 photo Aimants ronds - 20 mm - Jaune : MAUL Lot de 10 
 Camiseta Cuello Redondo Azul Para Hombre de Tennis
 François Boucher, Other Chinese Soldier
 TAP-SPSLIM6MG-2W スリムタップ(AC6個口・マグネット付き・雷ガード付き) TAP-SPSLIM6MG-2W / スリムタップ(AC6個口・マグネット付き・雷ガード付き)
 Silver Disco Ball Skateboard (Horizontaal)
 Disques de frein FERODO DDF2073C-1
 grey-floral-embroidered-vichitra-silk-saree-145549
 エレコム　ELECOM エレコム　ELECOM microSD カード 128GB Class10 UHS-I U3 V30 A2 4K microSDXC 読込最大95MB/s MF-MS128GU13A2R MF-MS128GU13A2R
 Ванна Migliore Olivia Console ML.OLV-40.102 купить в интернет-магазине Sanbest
==*==
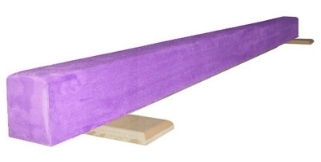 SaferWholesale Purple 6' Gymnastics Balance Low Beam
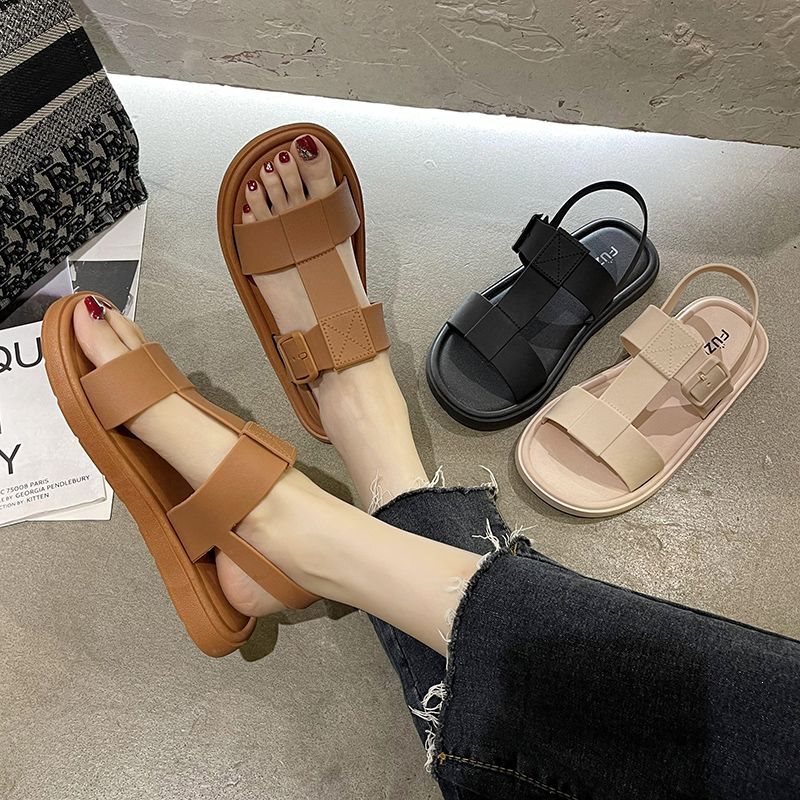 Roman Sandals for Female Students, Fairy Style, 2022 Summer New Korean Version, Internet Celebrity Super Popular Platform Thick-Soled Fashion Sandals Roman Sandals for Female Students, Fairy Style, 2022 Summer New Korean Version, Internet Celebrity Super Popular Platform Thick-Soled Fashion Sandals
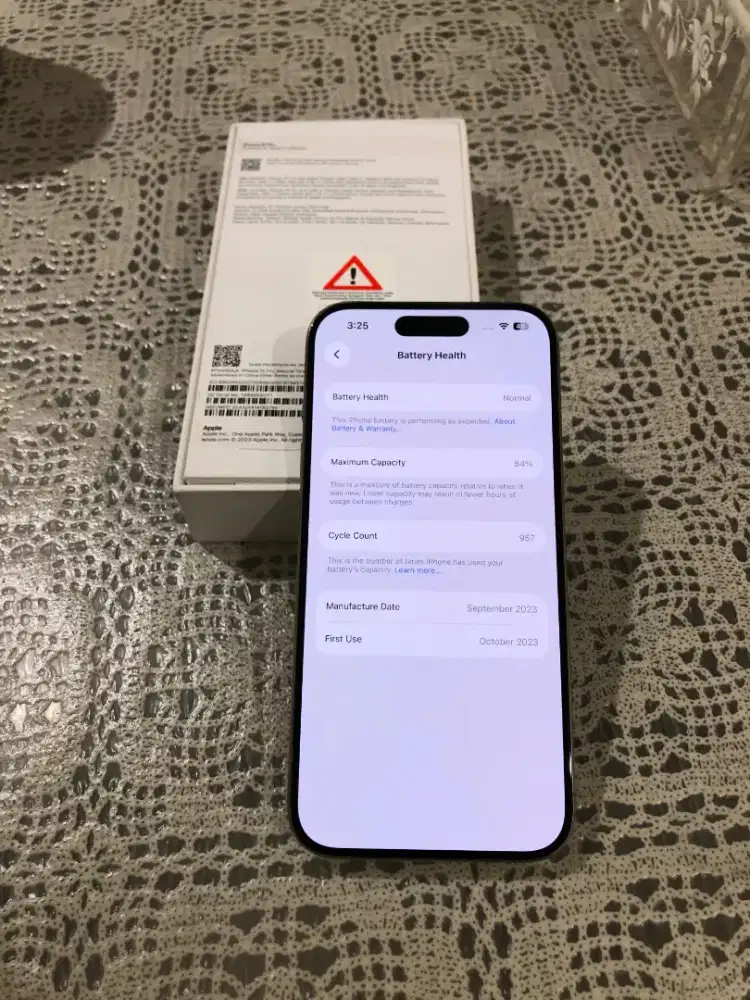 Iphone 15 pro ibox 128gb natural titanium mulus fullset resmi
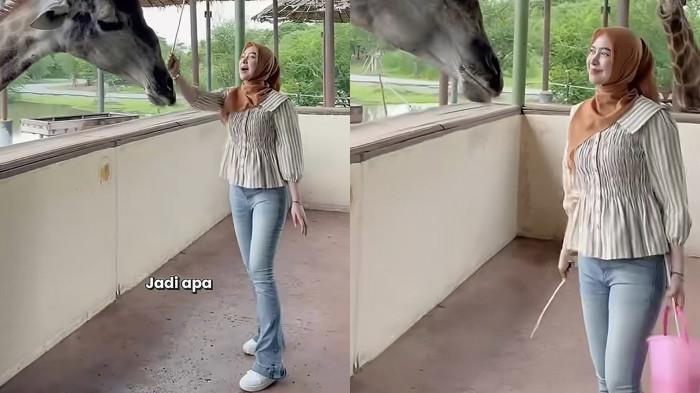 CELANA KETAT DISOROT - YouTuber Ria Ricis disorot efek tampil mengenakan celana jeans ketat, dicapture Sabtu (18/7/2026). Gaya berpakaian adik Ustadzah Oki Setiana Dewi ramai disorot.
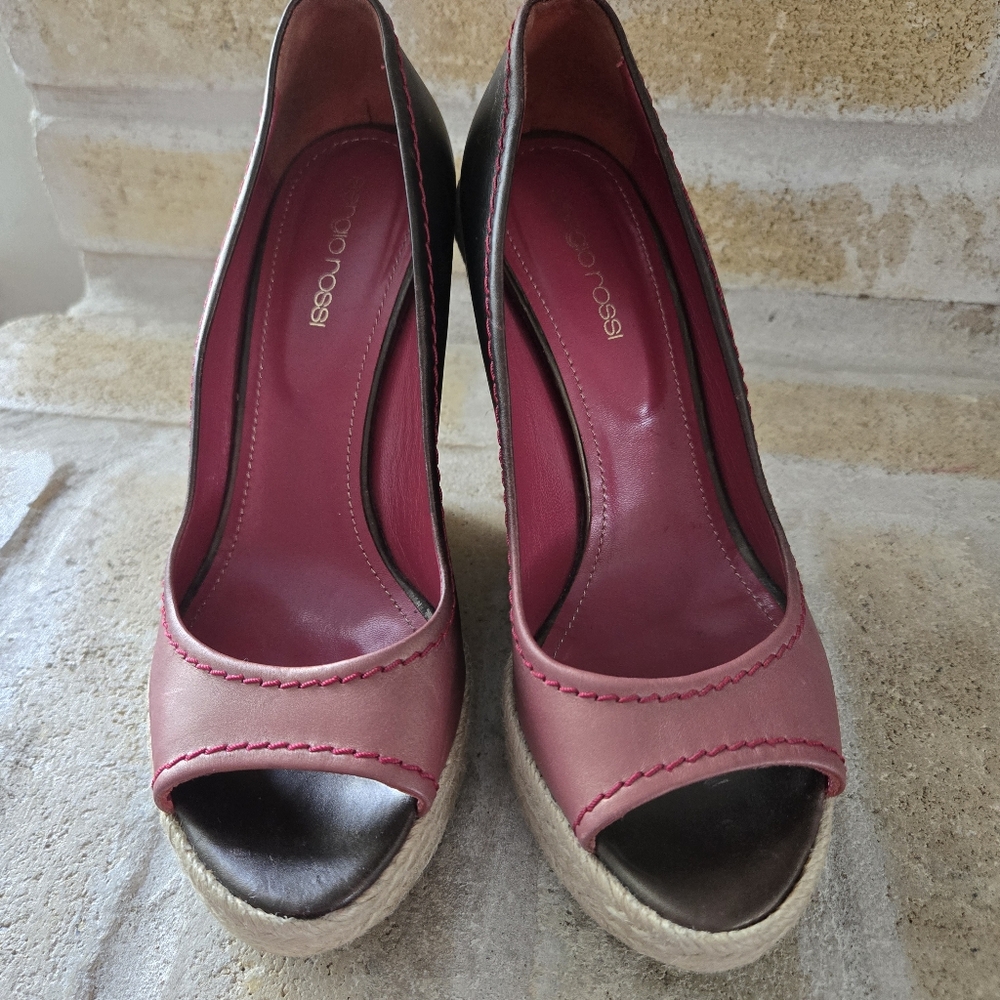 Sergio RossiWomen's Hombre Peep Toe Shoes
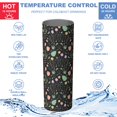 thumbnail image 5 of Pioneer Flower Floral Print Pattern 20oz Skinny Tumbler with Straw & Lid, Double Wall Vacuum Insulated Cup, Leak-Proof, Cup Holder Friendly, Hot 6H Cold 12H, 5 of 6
==*==
**Task instructions**
Your answer must be the lines above from the one containing "Disques de frein FERODO DDF2073C-1" to the one containing "エレコム　ELECOM エレコム　ELECOM microSD", both included, restated word for word.

**Solution to this task**
 Disques de frein FERODO DDF2073C-1
 grey-floral-embroidered-vichitra-silk-saree-145549
 エレコム　ELECOM エレコム　ELECOM microSD カード 128GB Class10 UHS-I U3 V30 A2 4K microSDXC 読込最大95MB/s MF-MS128GU13A2R MF-MS128GU13A2R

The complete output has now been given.